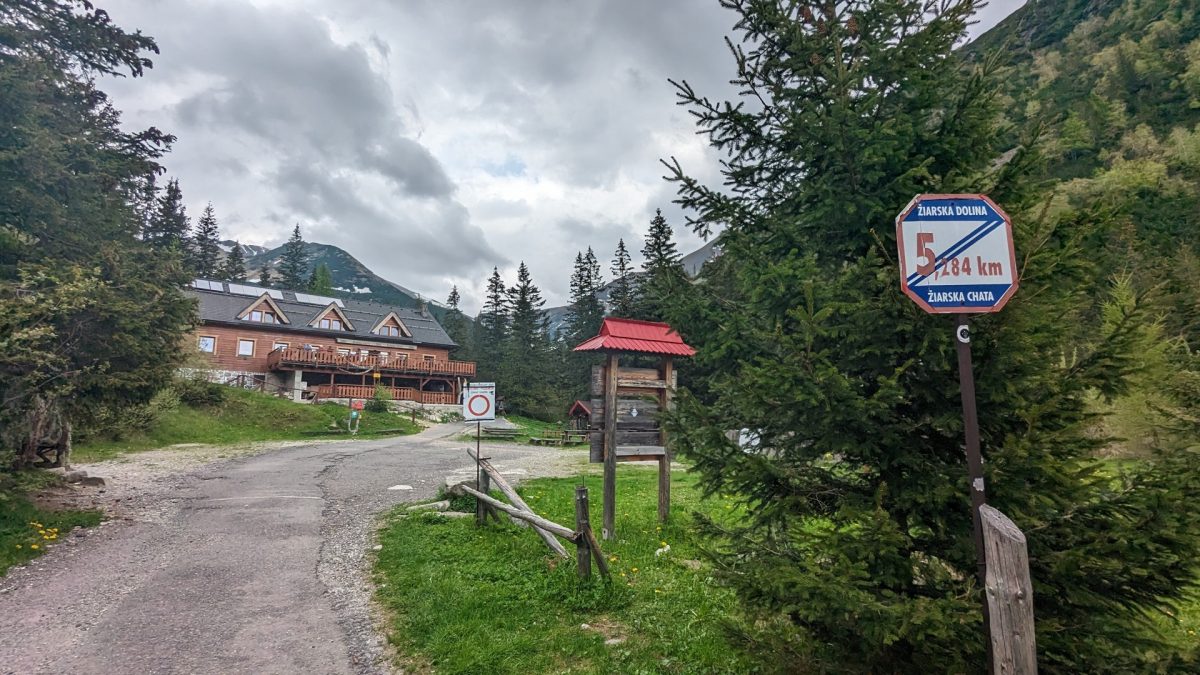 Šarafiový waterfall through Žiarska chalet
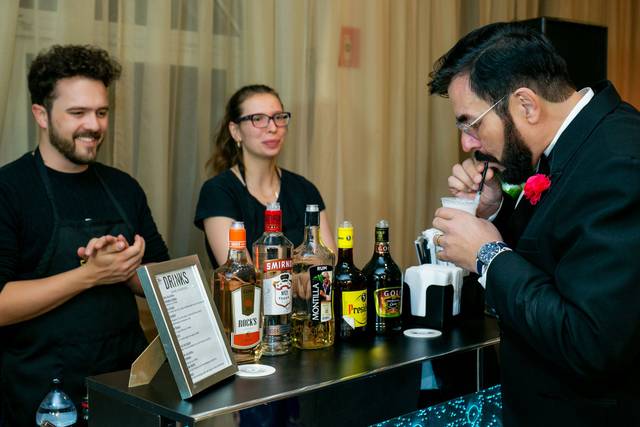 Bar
☆ ☆ ☆ ☆ ☆
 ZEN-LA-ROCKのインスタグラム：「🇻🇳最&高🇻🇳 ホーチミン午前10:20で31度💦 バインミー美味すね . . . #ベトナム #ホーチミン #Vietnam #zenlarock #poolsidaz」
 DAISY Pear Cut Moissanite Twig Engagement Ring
☆ ☆ ☆ ☆ ☆
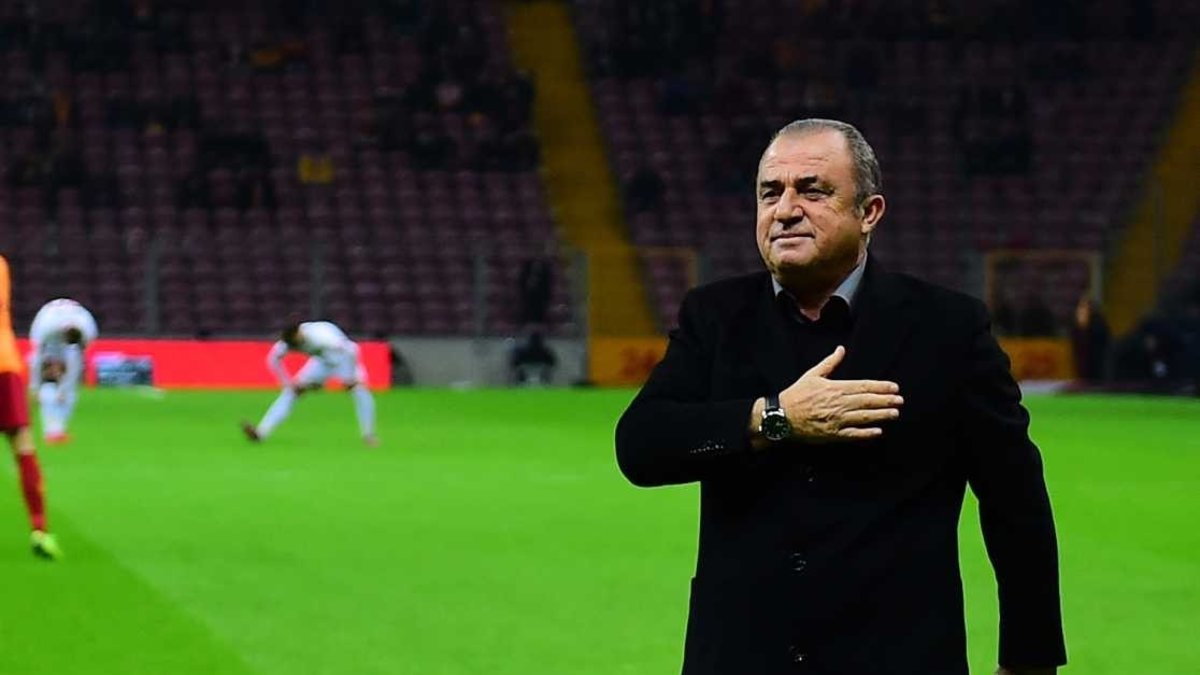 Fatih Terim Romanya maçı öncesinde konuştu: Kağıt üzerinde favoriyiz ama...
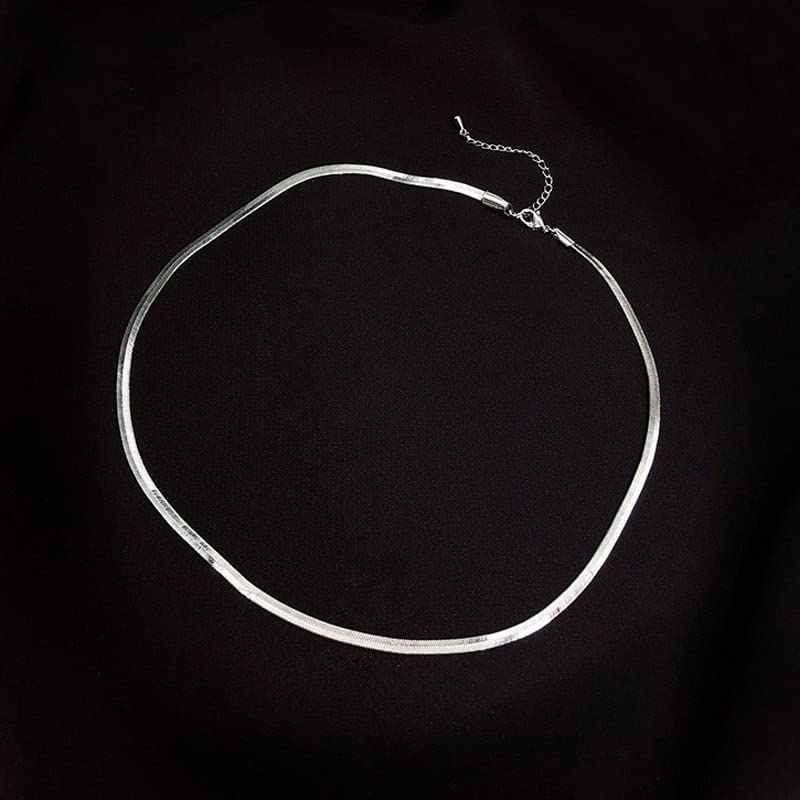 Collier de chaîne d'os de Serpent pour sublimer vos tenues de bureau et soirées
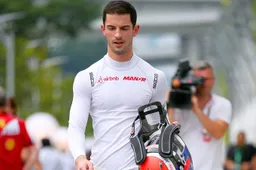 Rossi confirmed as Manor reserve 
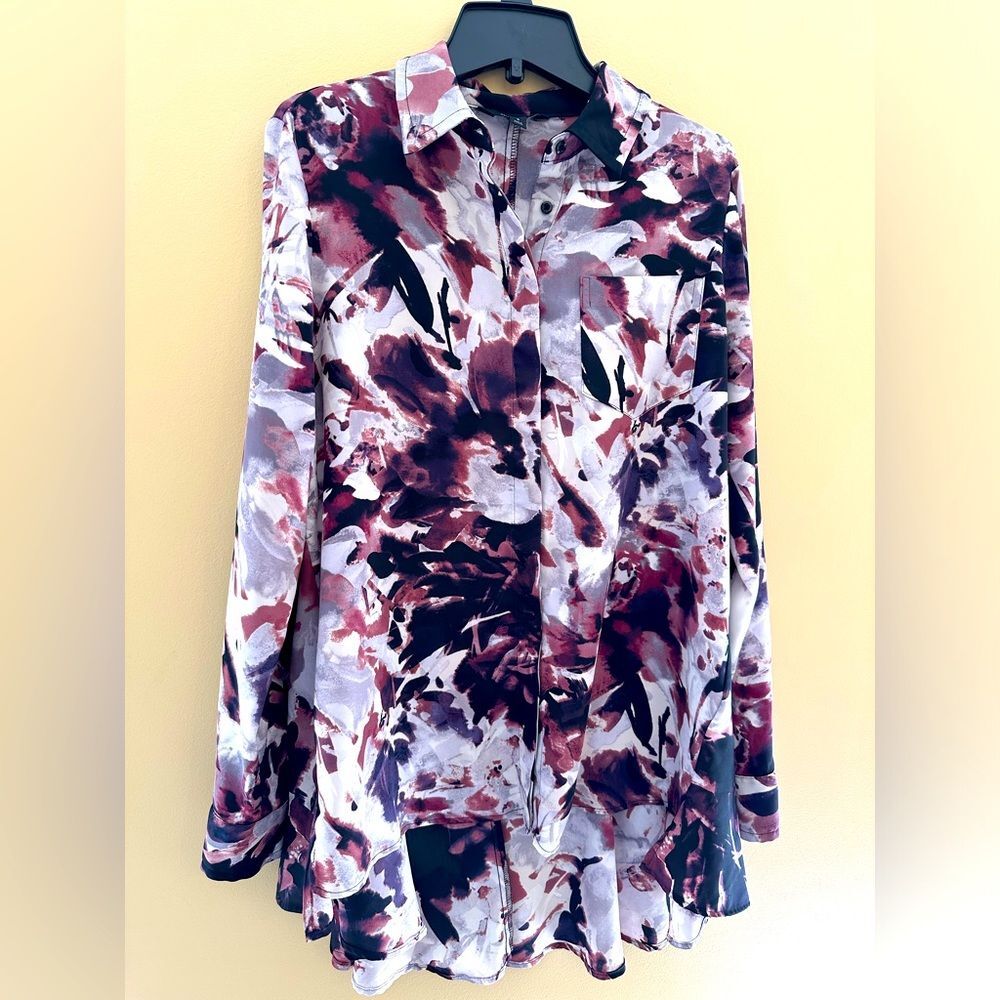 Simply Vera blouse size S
☆ ☆ ☆ ☆ ☆
■ **What you are asked to do**: Would you transcribe the lines above exactly, going from the line bearing "Rossi confirmed as Manor reserve" through the line bearing "Simply Vera blouse size S", and drop the pictures from the copy?

■ **The answer**:
 Rossi confirmed as Manor reserve 
 Simply Vera blouse size S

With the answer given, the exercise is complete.